**Data below**
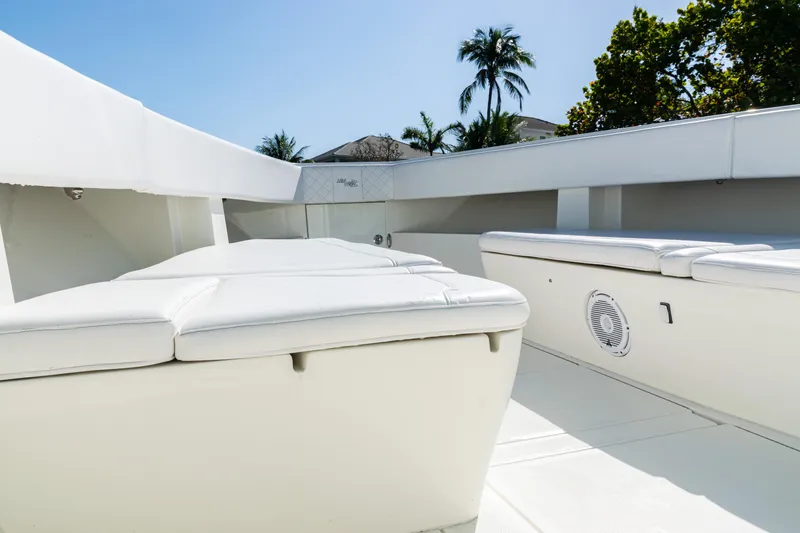 Slide: The Image of 2015 SeaVee 390Z boat interior with white seating, tropical background. - 14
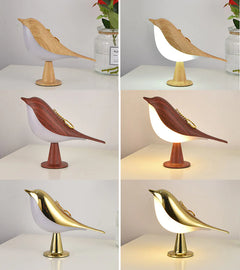Bird-shaped lamps in various colors on a white surface with a neutral background.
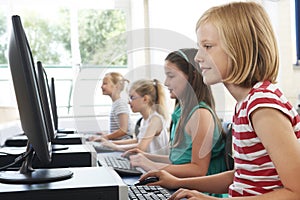 Group Of Female Elementary School Children In Computer Class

**Task objective**
For this exercise, write out the listing verbatim and leave every image out.

**Response area**
 Slide: The Image of 2015 SeaVee 390Z boat interior with white seating, tropical background. - 14
Bird-shaped lamps in various colors on a white surface with a neutral background.
 Group Of Female Elementary School Children In Computer Class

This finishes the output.